La humanidad aprovecha la fuerza del viento desde hace milenios. Primero fueron las velas en barcos egipcios y los molinos verticales en Persia, después los icónicos molinos europeos como los del Quijote. Durante siglos sirvieron para moler grano o bombear agua, hasta que la revolución industrial los relegó a un papel secundario frente al carbón y la electricidad.
El siglo XIX marcó un punto de inflexión. En Estados Unidos surgió el molino multipala para el bombeo de agua y, poco después, los primeros intentos de generar electricidad. El científico Charles F. Brush construyó en 1887 una turbina de 17 metros con 144 palas que apenas alcanzaba 12 kW de potencia. Décadas más tarde, el danés Poul la Cour demostró que las turbinas con menos aspas eran mucho más eficientes.
La eólica se consolidó en el siglo XX. Albert Betz formuló en 1919 la ley que lleva su nombre, clave para el diseño de aerogeneradores. En Dinamarca y Estados Unidos, las crisis del petróleo de los setenta impulsaron proyectos pioneros y nacieron empresas como Vestas y Gamesa, que todavía lideran el sector. A partir de ahí comenzó la verdadera carrera por escalar potencia y eficiencia.
Hace 30 años, una turbina típica rondaba entre 150 y 200 kW. Era el estándar de aquella época, con torres más bajas y palas de apenas 20 metros de diámetro. En España, la central de Granadilla, inaugurada a principios de los noventa, sigue operando con ese tamaño modesto, produciendo en tres décadas unos 9 GWh.
El presente ofrece cifras muy distintas.
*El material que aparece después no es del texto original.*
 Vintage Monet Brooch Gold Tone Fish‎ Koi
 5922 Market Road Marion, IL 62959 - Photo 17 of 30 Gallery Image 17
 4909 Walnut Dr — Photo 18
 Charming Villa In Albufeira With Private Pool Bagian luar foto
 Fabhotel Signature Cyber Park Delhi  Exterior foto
Hoy los aerogeneradores terrestres alcanzan los 5 MW, mientras que en alta mar superan los 10 o 12 MW. Eso significa que una sola máquina actual equivale a la potencia de unas 100 turbinas de los años noventa. Además, las torres superan los 150 metros y las palas llegan a los 158 metros, dimensiones impensables entonces.
Los avances no se limitan a la potencia. La tecnología actual permite que las aspas se orienten con precisión para aprovechar vientos débiles o fuertes, logrando un rango de operación más amplio y seguro. Además, muchos aerogeneradores pueden arrancar de forma aislada, sin depender de la red eléctrica, una ventaja en escenarios de apagón o desconexión temporal.
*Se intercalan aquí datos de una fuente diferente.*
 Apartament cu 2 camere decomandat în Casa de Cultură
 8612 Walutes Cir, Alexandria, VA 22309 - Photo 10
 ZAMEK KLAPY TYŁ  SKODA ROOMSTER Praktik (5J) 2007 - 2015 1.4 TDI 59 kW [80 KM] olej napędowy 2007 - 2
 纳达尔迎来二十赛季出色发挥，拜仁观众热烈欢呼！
El reto de la sostenibilidad también cambió. Si antes las palas fijas se desechaban al final de su vida útil, hoy se desarrollan materiales reciclables y proyectos de economía circular. La fibra de vidrio recuperada puede reutilizarse en sectores como la náutica o la construcción. Este enfoque cierra el círculo de la energía renovable y reduce los residuos de una industria en expansión.
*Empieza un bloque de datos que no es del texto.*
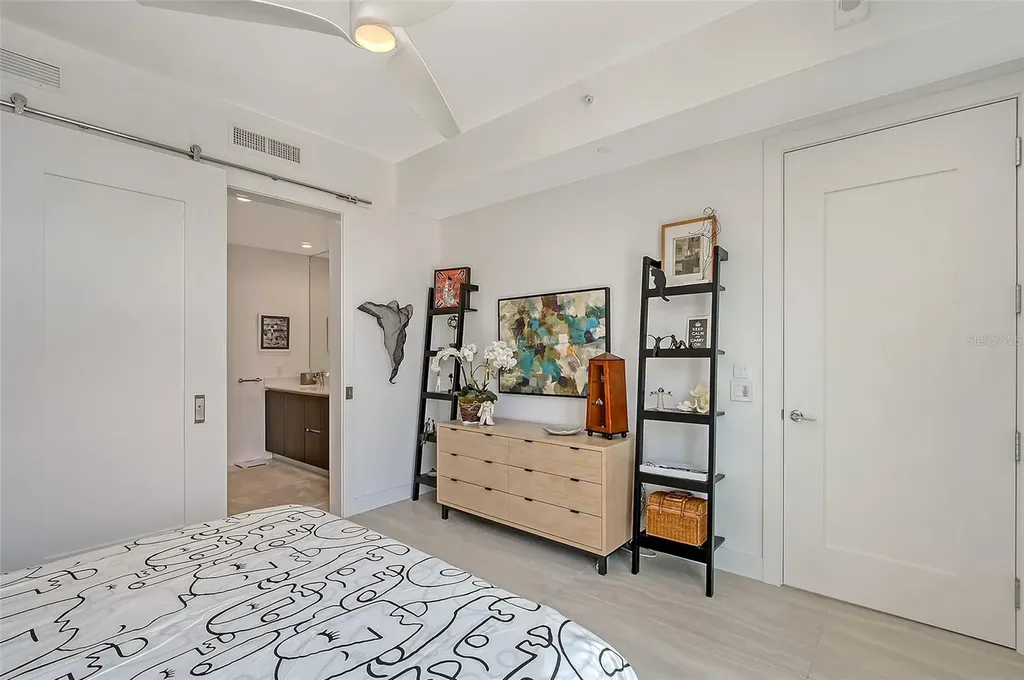 301 Quay Commons Sarasota FL 34236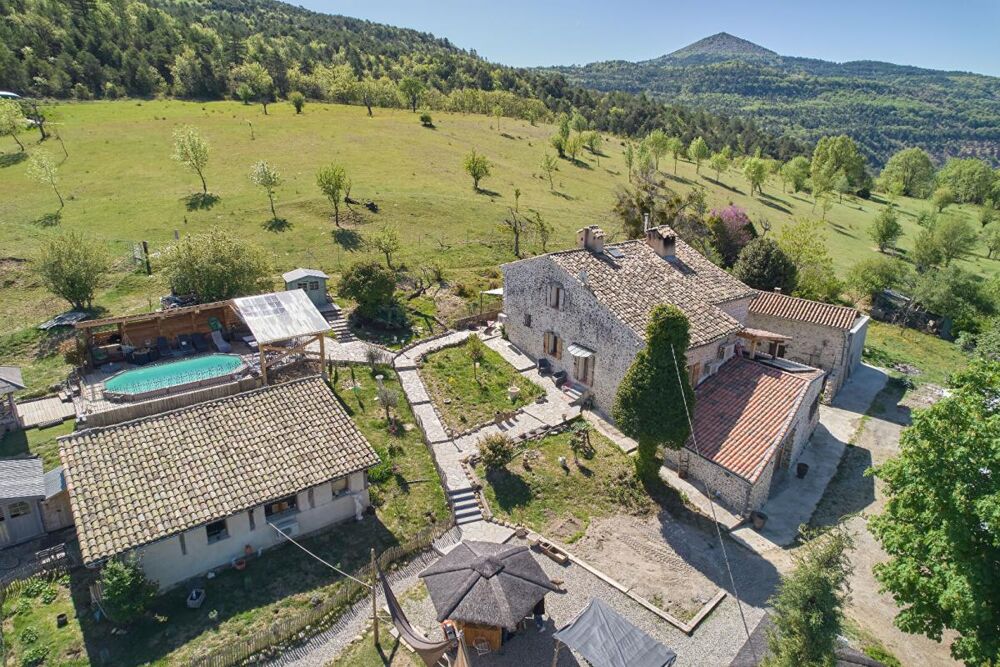 DOMAINE RURAL DE CARACTÈRE, HABITATION, PROJET AGRICOLE ET POTENTIEL D'EXPLOITATION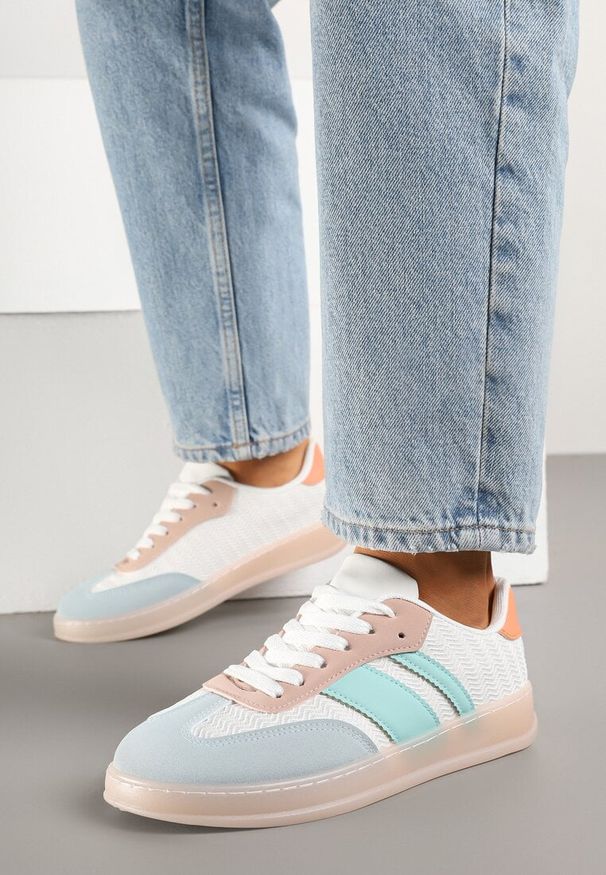 Renee - Biało-Niebieskie Sneakersy Tenisówki Ozdobione Paskami Amodira. Okazja: na co dzień. Zapięcie: pasek. Kolor: biały. Materiał: jeans. Wzór: aplikacja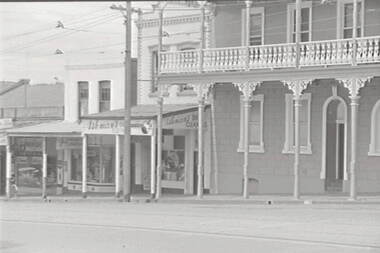 Negative - View Street Bendigo - Rifle Brigade Hotel Bendigo, Allan Doney, 1950 -1970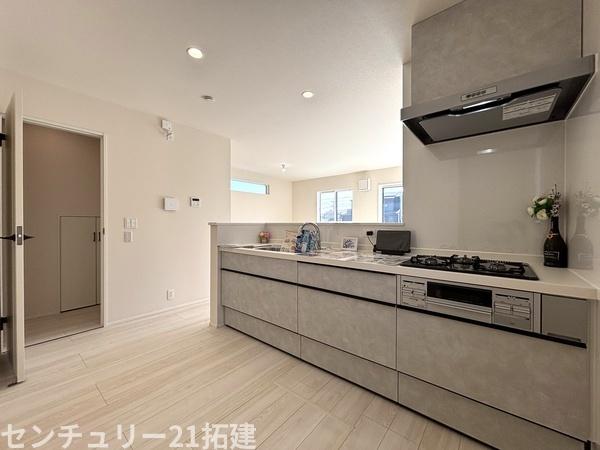 キッチン　2026年2月21日撮影♪調理がはかどるシステムキッチン♪収納豊富で、シンクも作業スペースも広いのでスムーズに料理ができますね。３口コンロ、グリル付です♪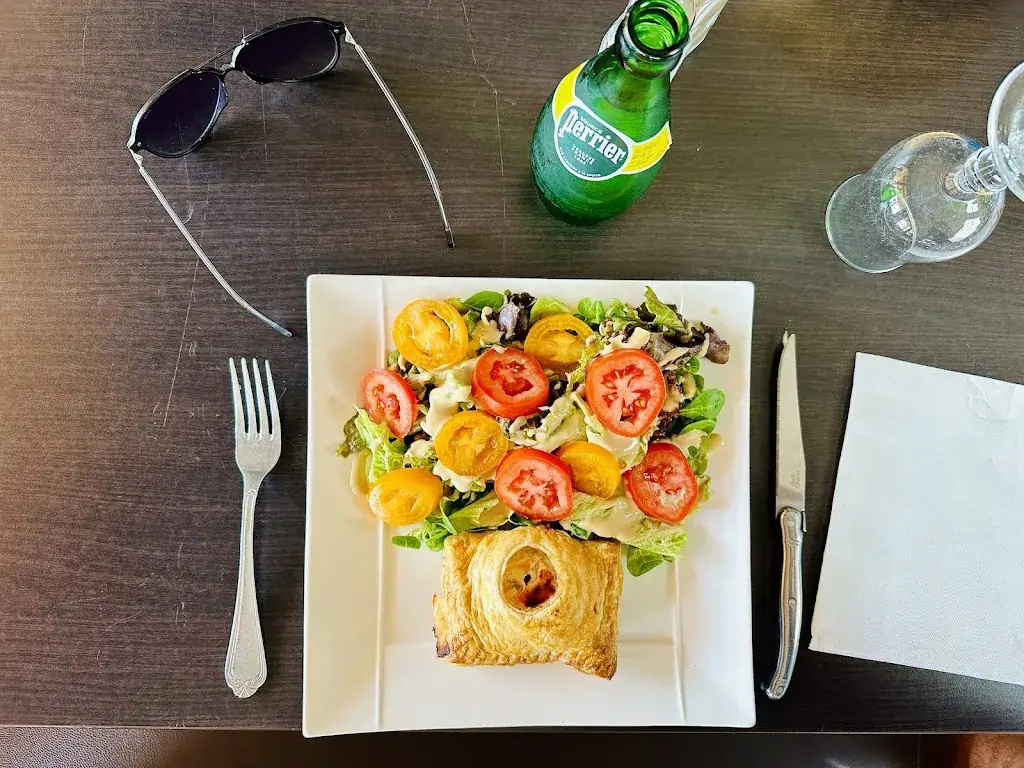 Pascal Cosson_Café de la Roche_Quincié-en-Beaujolais_review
El futuro de la eólica apunta a mayor digitalización, nuevos materiales y plantas más eficientes en lugar de turbinas cada vez más grandes. Lo cierto es que la energía del viento, que comenzó con modestos molinos medievales, hoy alimenta ciudades enteras y se proyecta como uno de los pilares de la transición hacia un sistema energético sin fósiles.